Nature Network veut changer cela. Researchblogging également. La raison d’être du second est on ne peut plus explicite:

Do you like to read about new developments in science and other fields? Are you tired of “science by press release”? ResearchBlogging.org is your place. Research Blogging allows readers to easily find blog posts about serious peer-reviewed research, instead of just news reports and press releases.

Pour ResearchBlogging, les bogueurs sont souvent des experts dans leur domaine. Ils écrivent des billets bien pensés au sujet de leurs travaux de recherche. Ces blogueurs s’enregistrent donc chez ResearchBlogging. Chaque billet est ensuite référencé par le site. Une équipe humaine vérifie ensuite la qualité des articles (RB est basé aux Etats-Unis, en Caroline du Nord). Les lecteurs peuvent ensuite commenter, apporter leurs propres observations, corriger des interprétations.
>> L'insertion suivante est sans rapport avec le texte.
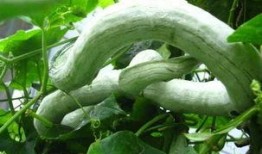 蛇瓜怎么喂猪吃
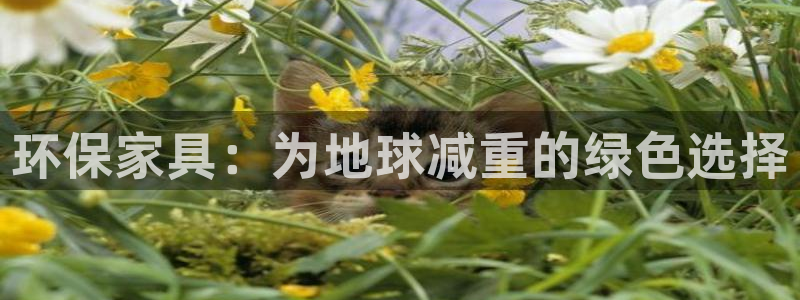 杏耀平台代理怎么赚钱快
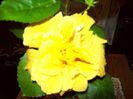 103_3686 - Copy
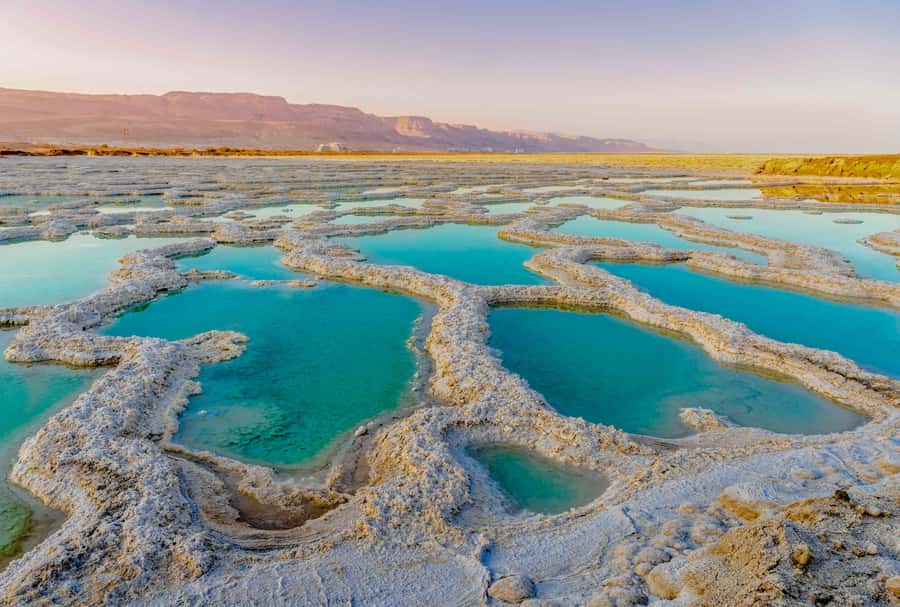 From Jerusalem: Masada&Dead Sea Tour INCLUDING ENTRANCE FEES - Key Points You’ll Care About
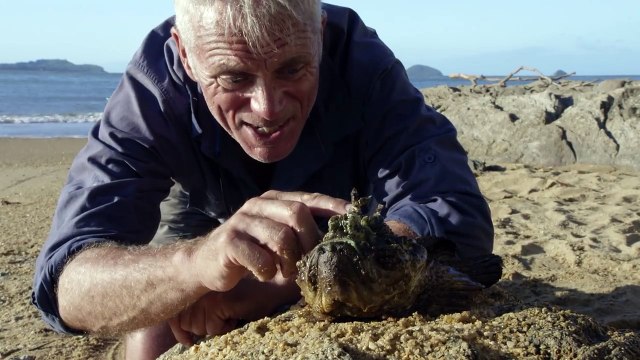 The Lethal Stinging Stone Fish River Monsters
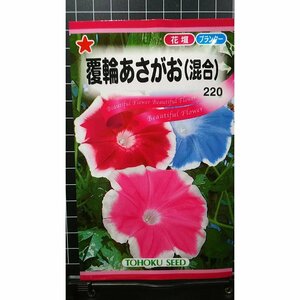 ３袋セット 覆輪 あさがお 混合 朝顔 種 郵便は送料無料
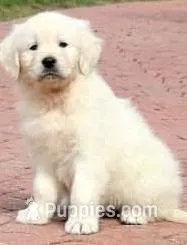 Cooper AKC – Golden Retriever puppy for sale in Cortland, NY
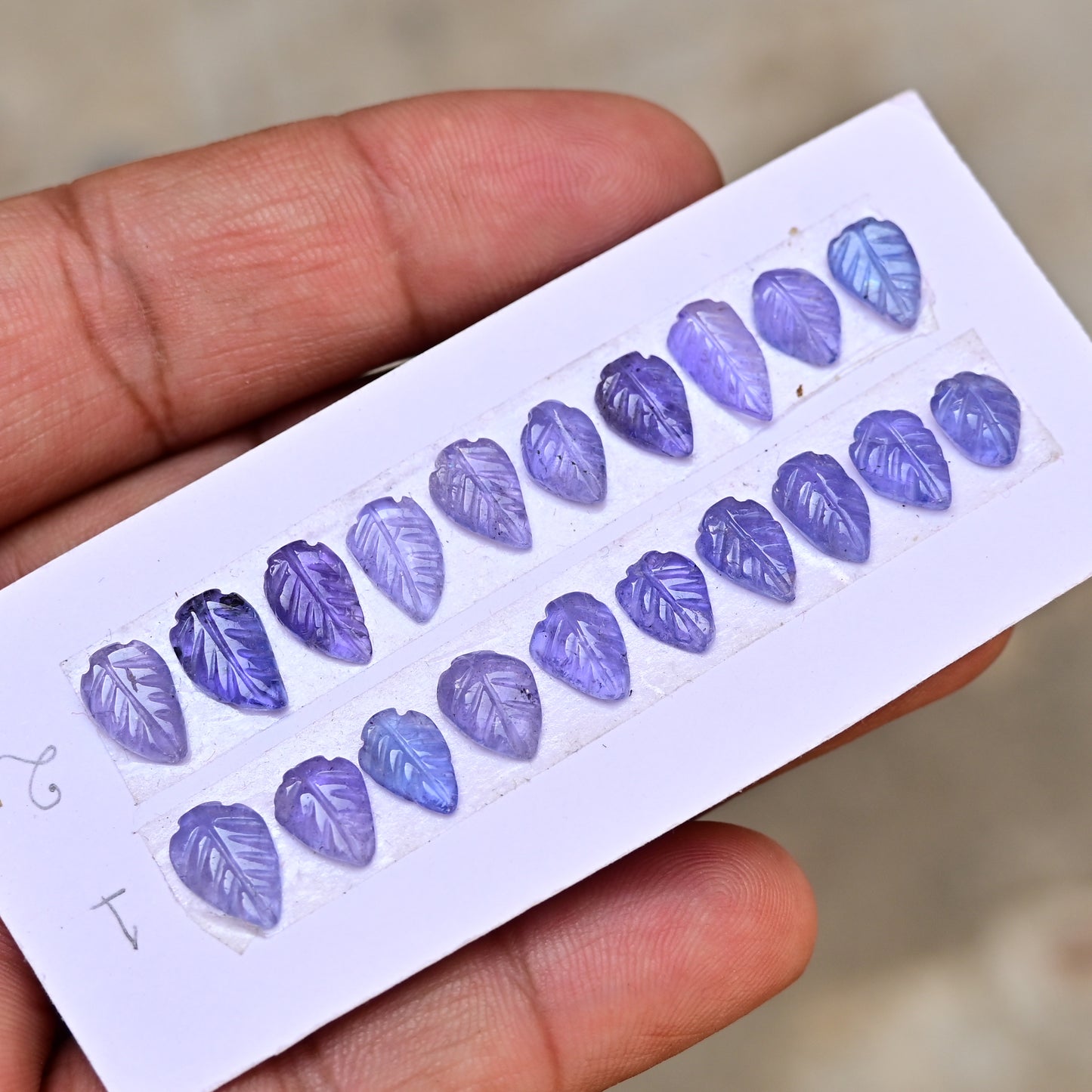 Tanzanite Leaf Carving 6x10mm Leaf Shape AA Grade Gemstone Strip - Total 10 Pcs in one strip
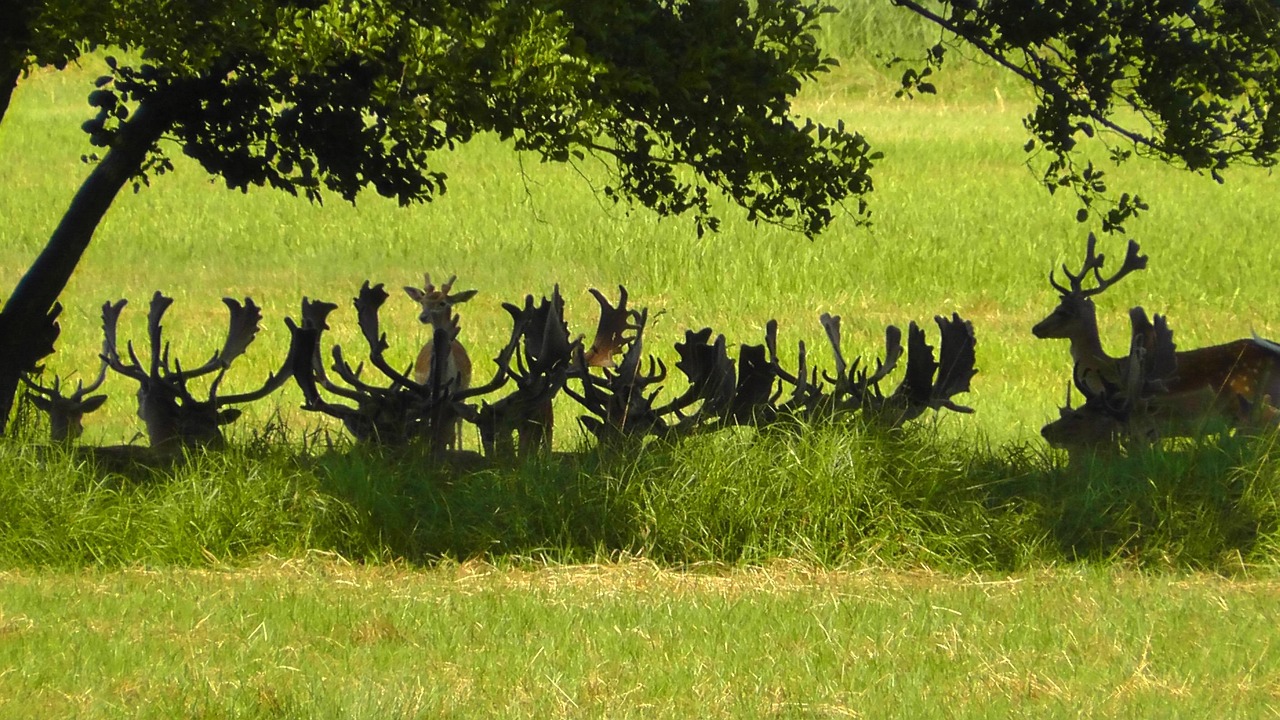 马鹿之谜，揭开马与鹿的遗传之谜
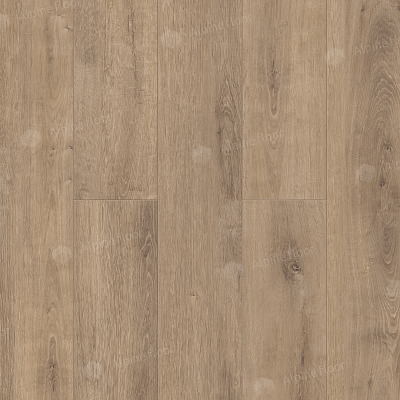 Дуб Карамель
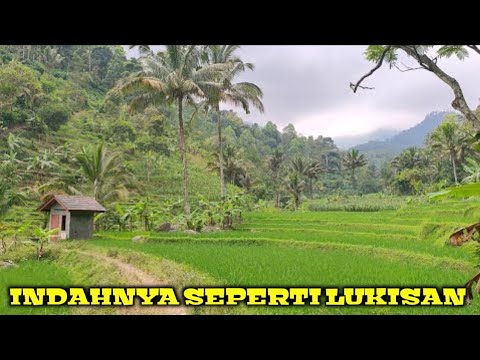 Mantap..indah banget alam Desanya Serasa di pedesaan Jawa barat,hidup di desa,suasana desa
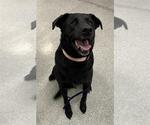 Small Labrador Retriever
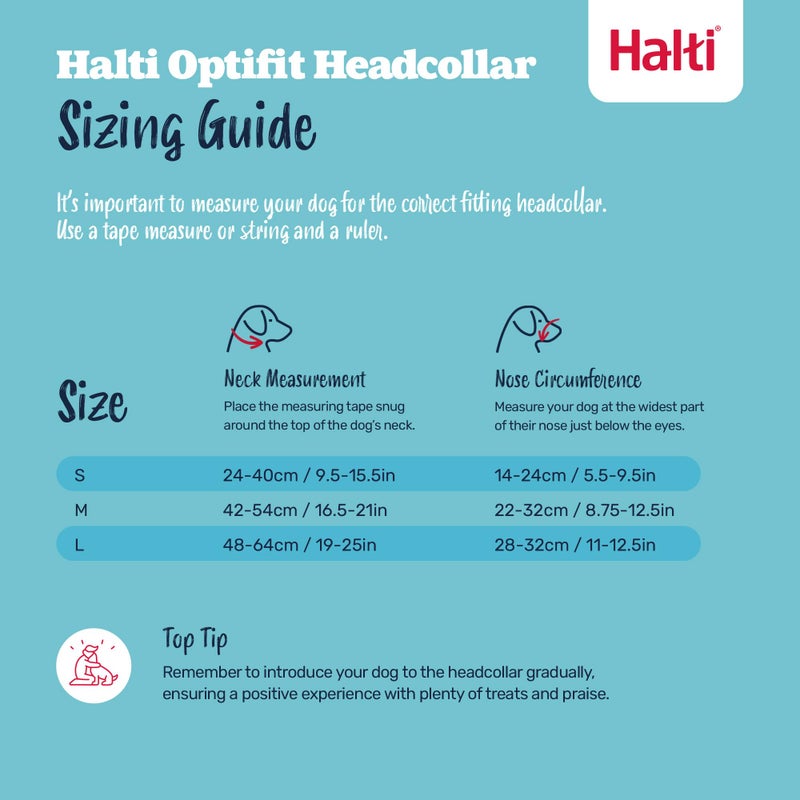 HALTI Optifit Headcollar - To Stop Your Dog Pulling on the Leash. Adjustable, Reflective and Lightweight, with Padded Nose Band. Dog Training Anti-Pull Collar for Medium Dogs (Size Medium) - Image 5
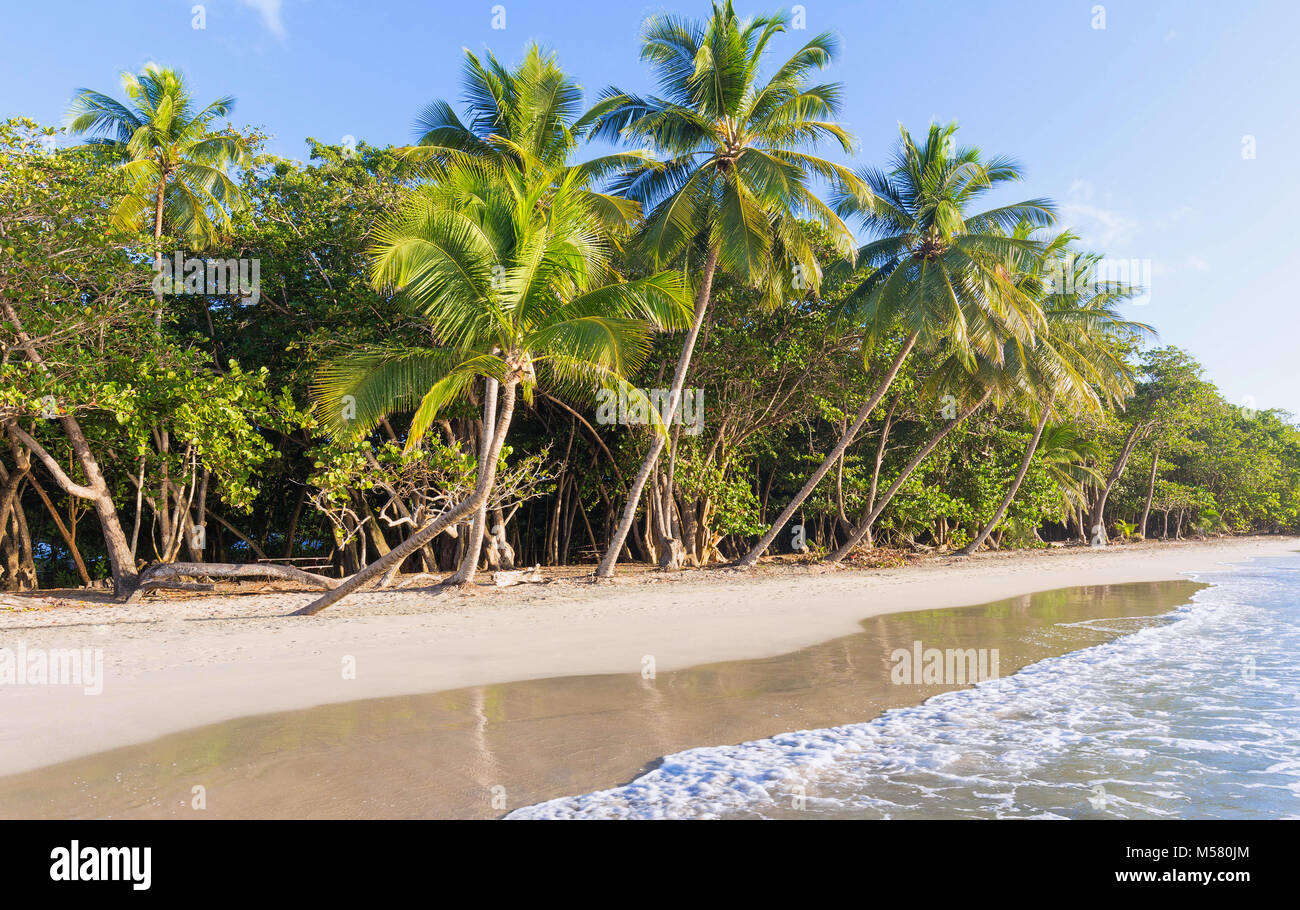 Caribbean sand beach hi-res stock photography and images - Alamy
Chaque note est classée en fonction de la discipline et du champ spécifique de recherche (anthropologie, chimie, biologie, psychologie, etc.). L’outil permet une interaction plus rapide et ouverte que n’importe quel peer review formel.

Nature Network, de son côté, est directement lié au magazine Nature. L’idée est proche de celle de ResearchBlogging. Ici, toutefois, la philosophie est davantage celle d’un réseau social type Facebook ou MySpace. Chacun chercheur peut créer son profil, rejoindre des groupes scientifiques sur des thèmes qui le concerne, etc. Des dizaines de groupes ont déjà été créés, sur autant de centres d’intérêt (les membranes, la conscience, l’effet du calcium…). Pour pousser les scientifiques à bloguer à leur tour, Nature Network organise un concours. Les meilleurs billets seront publiés pour de bon.

La science 2.0  pourrait donner à l’innovation scientifique un élan jamais connu dans l’Histoire, tant elle raccourcit le délai entre la découverte scientifique et sa communication effective à l’ensemble de la communauté des chercheurs, qui peuvent alors en tenir compte pour avancer plus vite sur leurs propres travaux.

La moitié des employés taisent leurs idées par peur du discrédit

15 septembre 2008

Innovmore & Brasil start-up est u blog tenu par un spécialiste de l’innovation vivant à cheval sur l’Europe et le Brésil. Dans un billet, inspiré d’un article paru dans l’excellent journal suisse Le Temps, il revient sur une enquête réalisée par le cabinet de conseil en management Human Asset, sur les conditions nécessaires à l’épanouissement d’un esprit créatif et innovant dans l’entreprise. Il en ressort que la direction tient un rôle clé pour atteindre cet objectif. Voici quelques extraits de ce billet:

«Qu’est-ce qui fait qu’un groupe ou un collaborateur se met à sortir des sentiers battus dans sa manière d’aborder les situations professionnelles, qu’il commence à proposer des solutions innovantes ou à tenter des expériences nouvelles? Et quand il le fait, comment l’entreprise le perçoit-elle? Le soutient-elle, le promeut-elle ou au contraire l’ignore-t-elle ? »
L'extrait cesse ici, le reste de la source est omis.